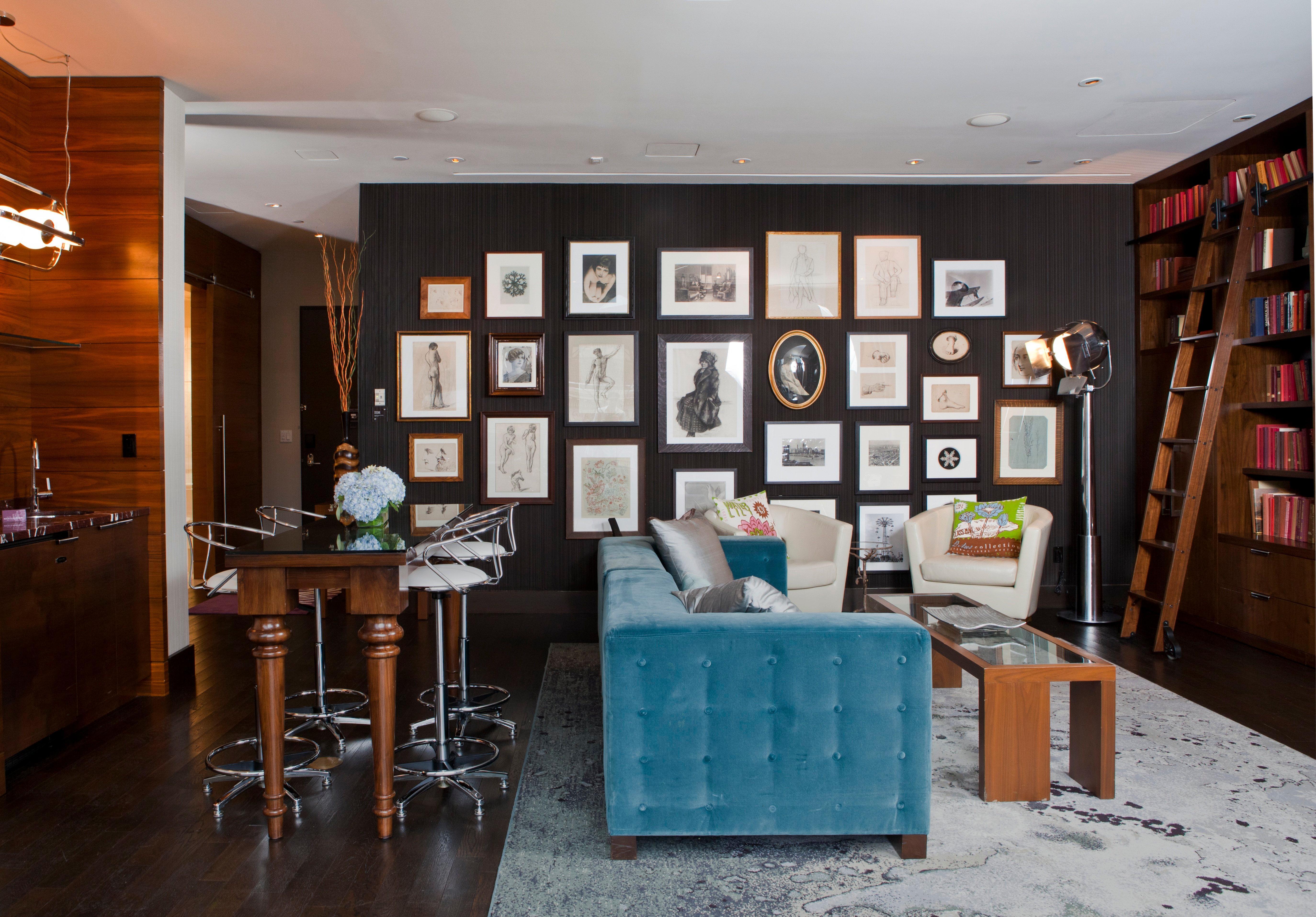 Kimpton Eventi, An Ihg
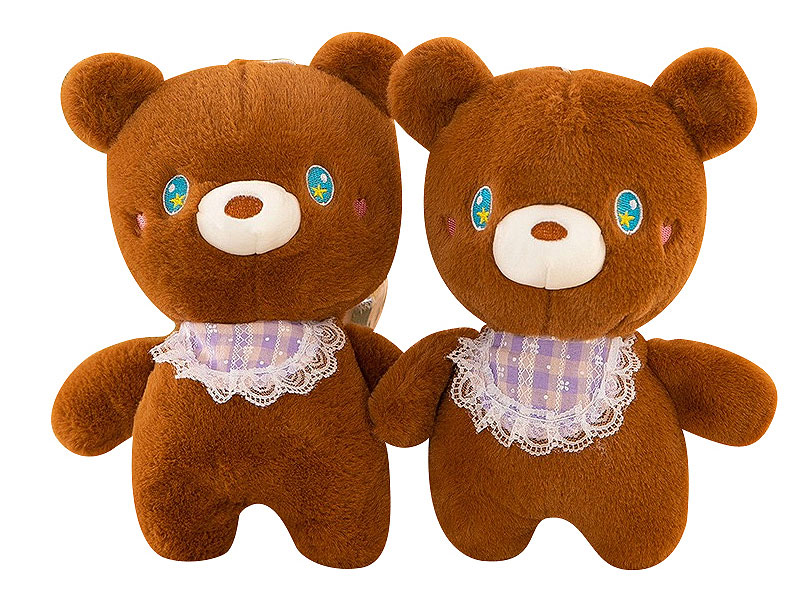 Plush Bear toys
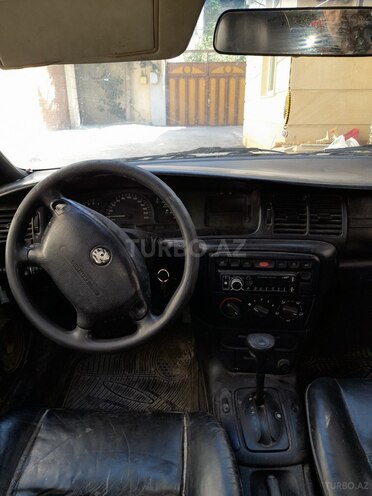 Opel Vectra 1997, 475,865 km - 1.8 l - Bakı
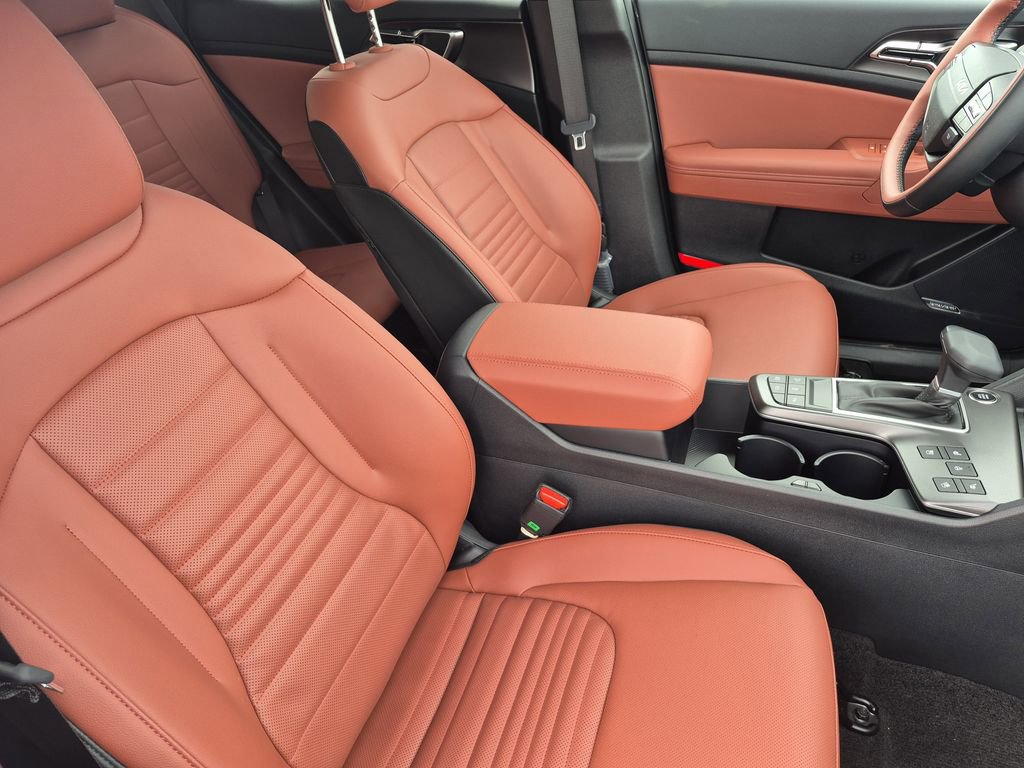 New 2026 Kia Sportage SX image 15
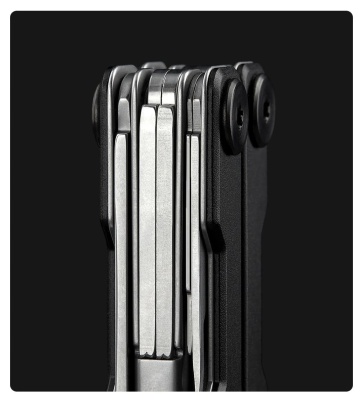 фото Мультитул Xiaomi Huohou mini HU0140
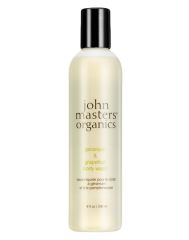 John Masters Geranium & Grapefruit Body Wash (U)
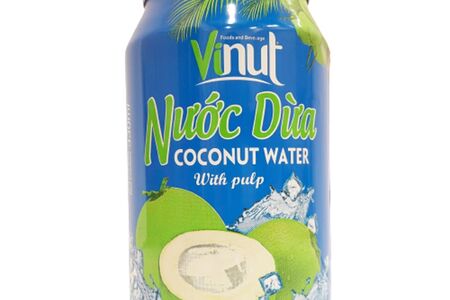 Винат Кокосовая вода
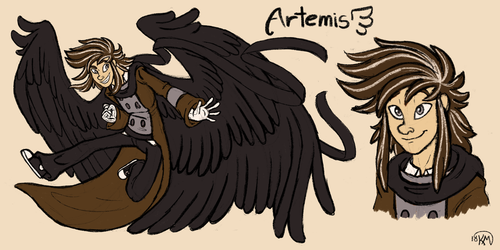 COM - Artemis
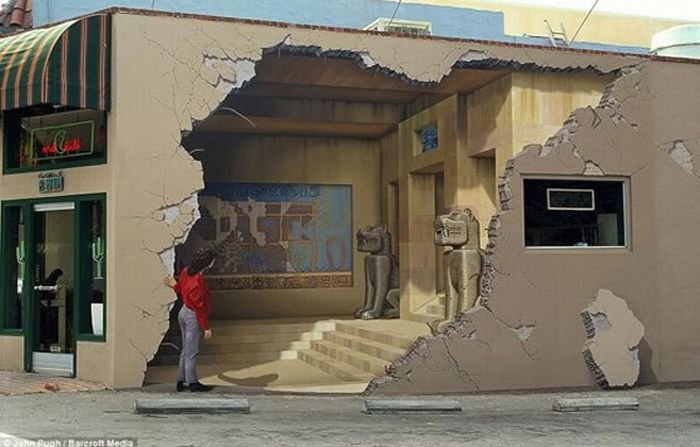 street art graffiti murals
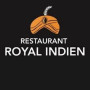 Logo Royal Indien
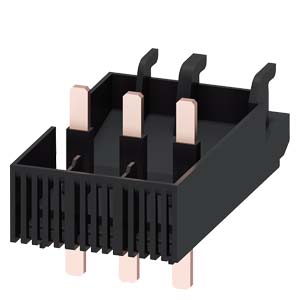 MÓDULOS DE UNIÓN SIRIUS INNOVATIONS CONTACTOR E INTERRUPTOR S2  (TORNILLO)   3RA2931-1AA00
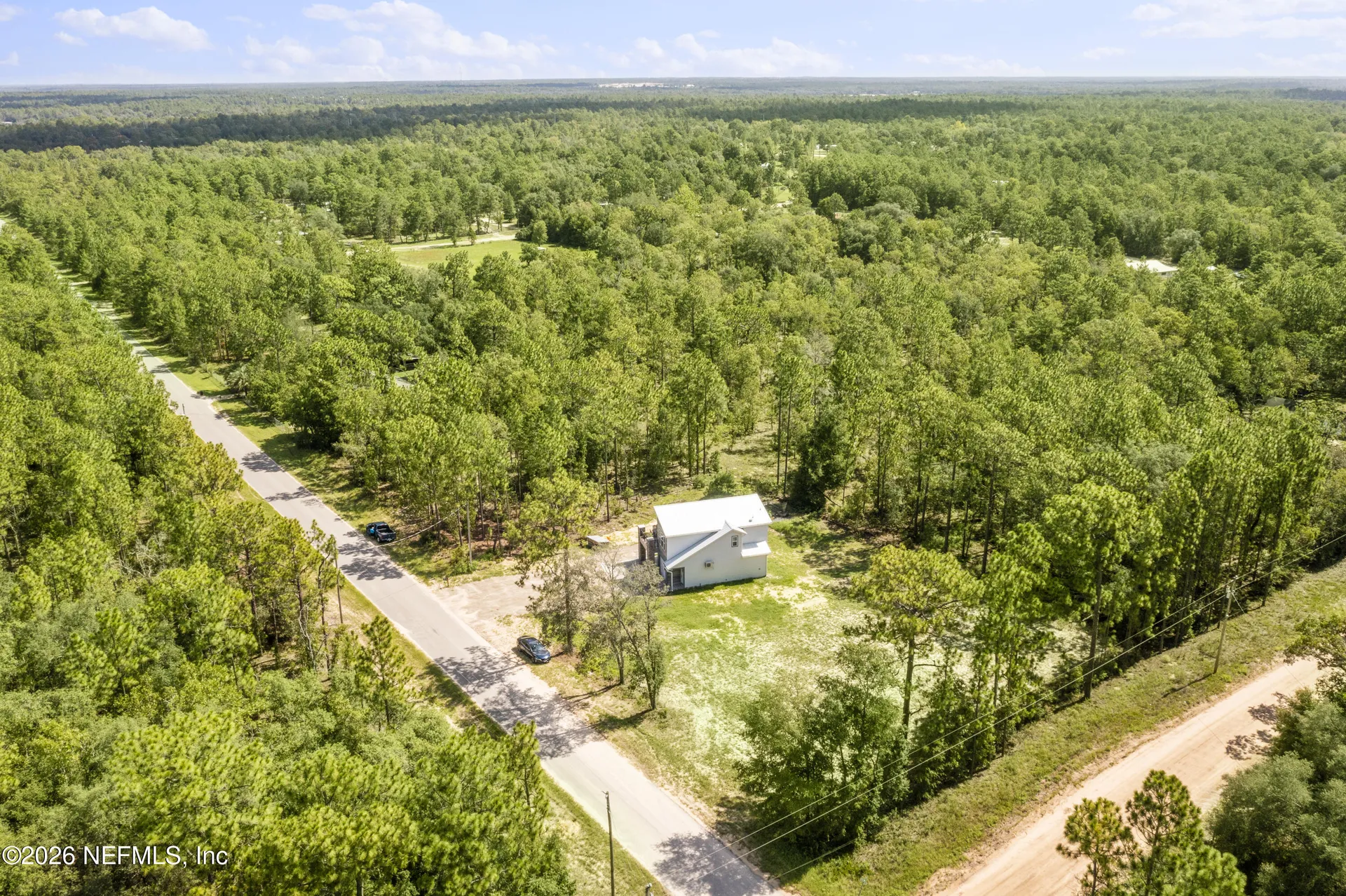 7127 Clemson Street Keystone Heights FL 32656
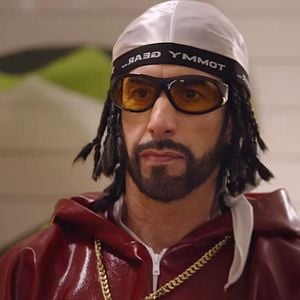 Foto Sacha Baron Cohen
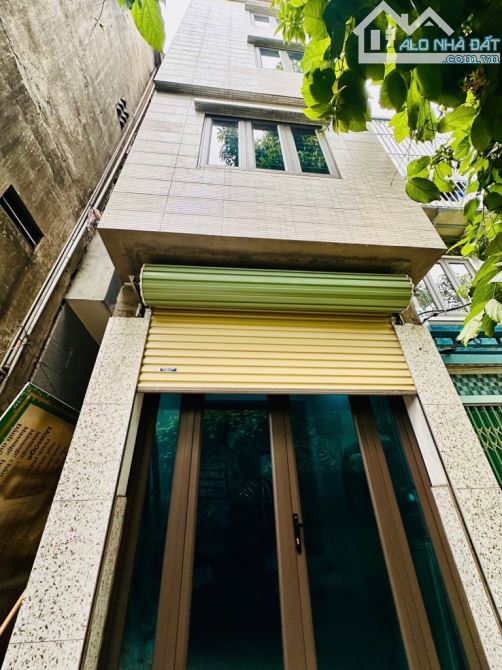 🏡 NHÀ MỚI KÍNH KOONG – 1 NHÀ RA PHỐ – DÂN TRÍ CAO – SÀI ĐỒNG LONG BIÊN 🏡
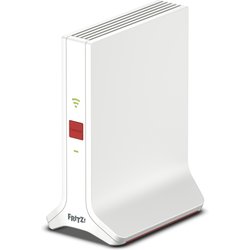 Repeater 3000 Ax Network Repeater 2400 Mbit/S White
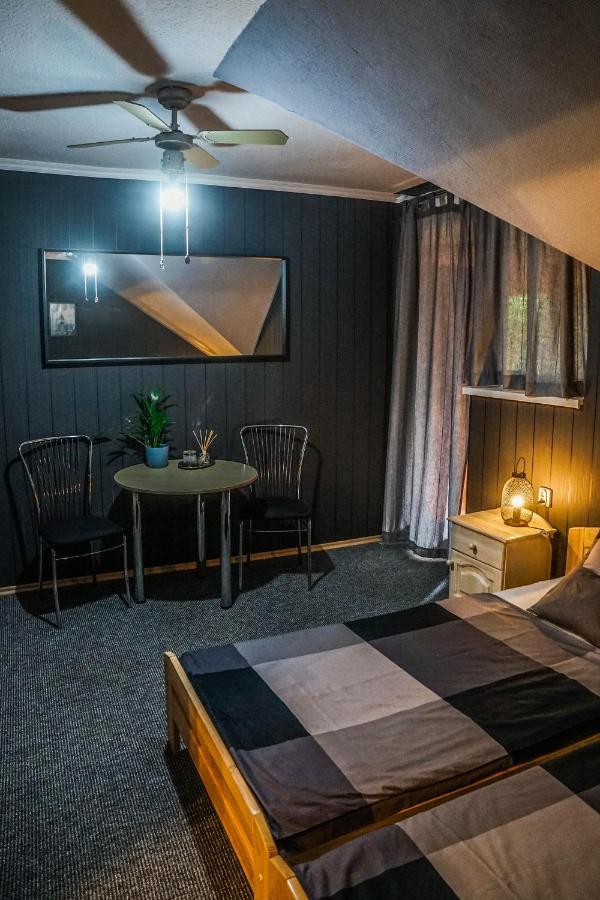 Anna Vendeghaz Eger Apartman Kültér fotó
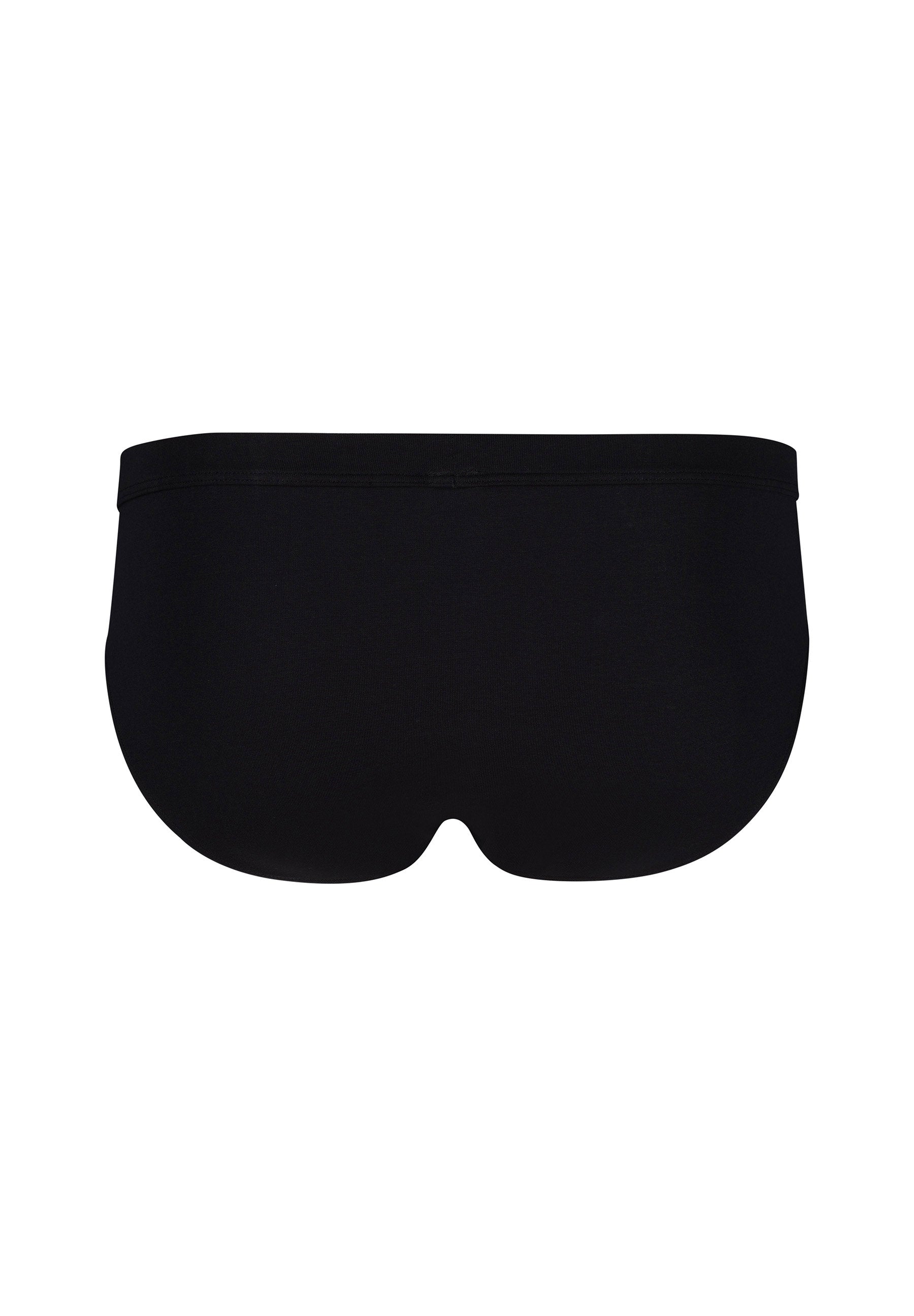 skiny-cotton-fresh-briefs-herren-slip-aus-stretch-baumwolle image 4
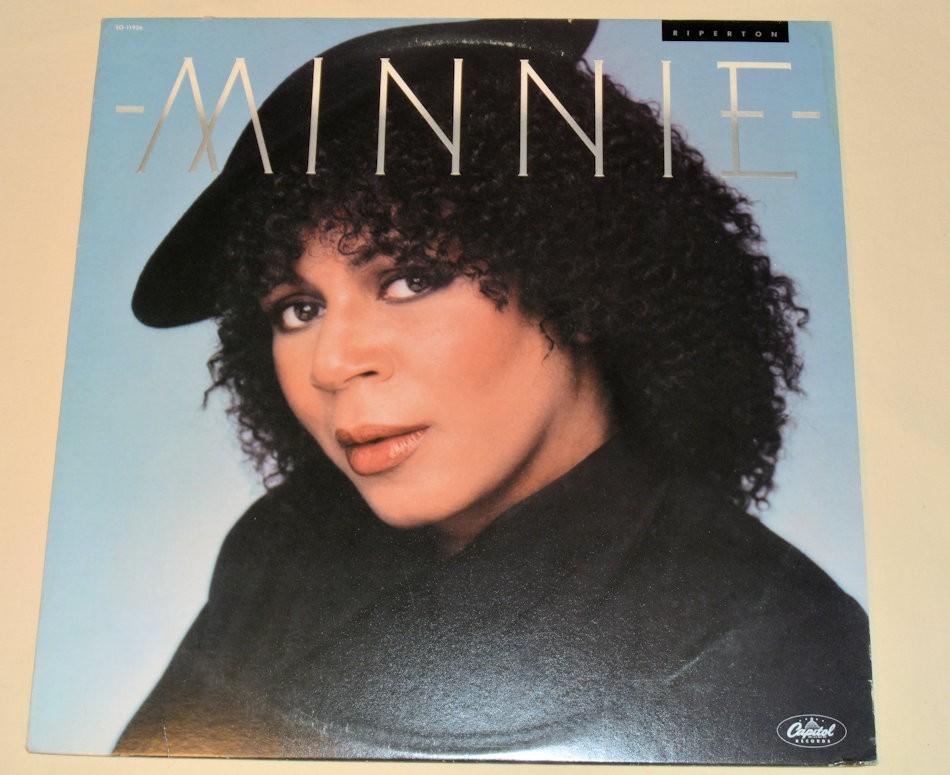 Riperton, Minnie - Minnie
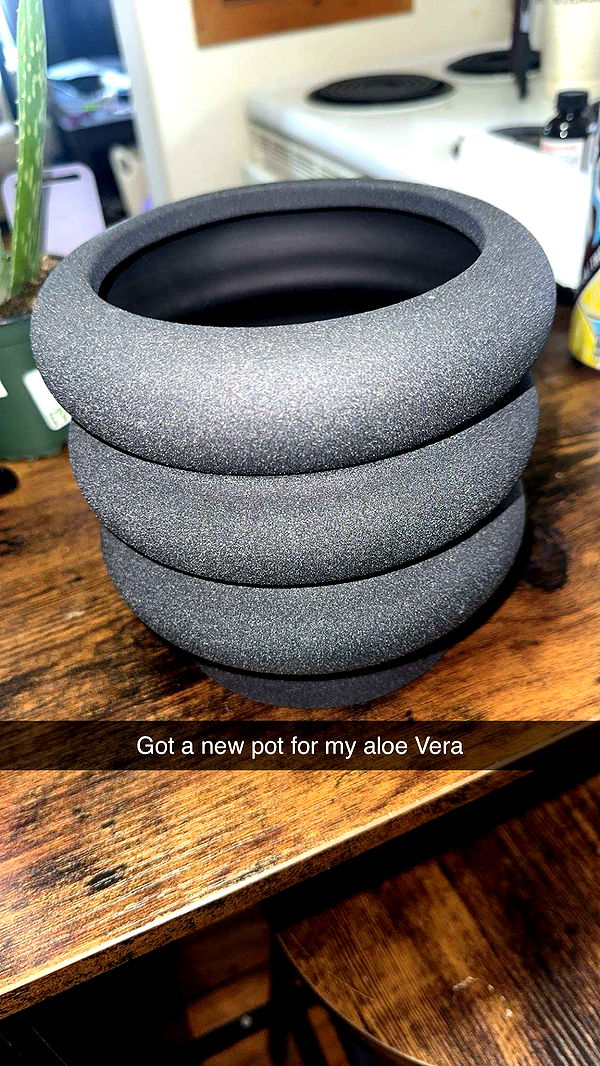 trappkittykhaos image ~ Altpins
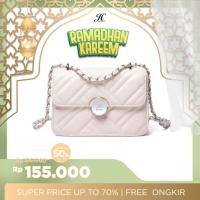 ราคา JIMS HONEY WOMENS BAG MAYA BAG (43205776650)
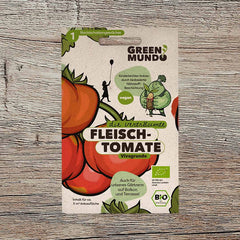 Fleischtomate 'Vivagrande' Bio-Gemüse-Samen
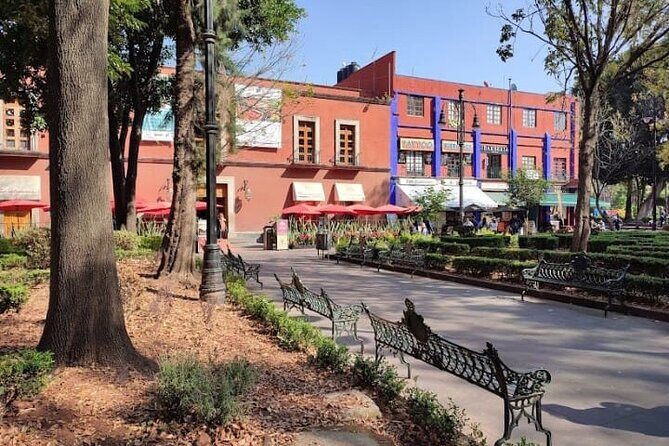 Basilica and Coyoacán Private Tour - Who Will Love This Tour?
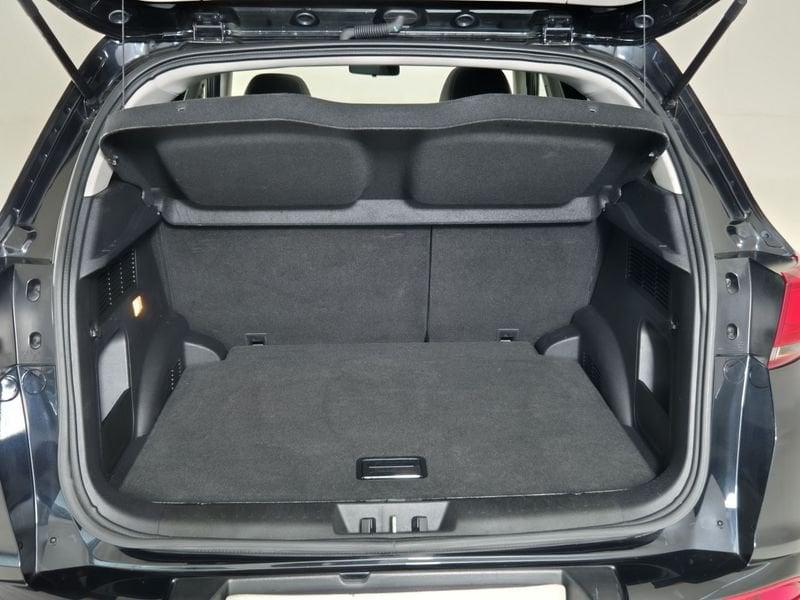 DR AUTOMOBILES dr F35 1.5 turbo Gpl 156cv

:: Task prompt ::
In the data above, find the line with "MÓDULOS DE UNIÓN" and repeat it and every line after it through the end, exactly; leave the pictures out.

:: Response to the task ::
 MÓDULOS DE UNIÓN SIRIUS INNOVATIONS CONTACTOR E INTERRUPTOR S2  (TORNILLO)   3RA2931-1AA00
 7127 Clemson Street Keystone Heights FL 32656
 Foto Sacha Baron Cohen
 🏡 NHÀ MỚI KÍNH KOONG – 1 NHÀ RA PHỐ – DÂN TRÍ CAO – SÀI ĐỒNG LONG BIÊN 🏡
 Repeater 3000 Ax Network Repeater 2400 Mbit/S White
 Anna Vendeghaz Eger Apartman Kültér fotó
 skiny-cotton-fresh-briefs-herren-slip-aus-stretch-baumwolle image 4
 Riperton, Minnie - Minnie
 trappkittykhaos image ~ Altpins
 ราคา JIMS HONEY WOMENS BAG MAYA BAG (43205776650)
 Fleischtomate 'Vivagrande' Bio-Gemüse-Samen
 Basilica and Coyoacán Private Tour - Who Will Love This Tour?
 DR AUTOMOBILES dr F35 1.5 turbo Gpl 156cv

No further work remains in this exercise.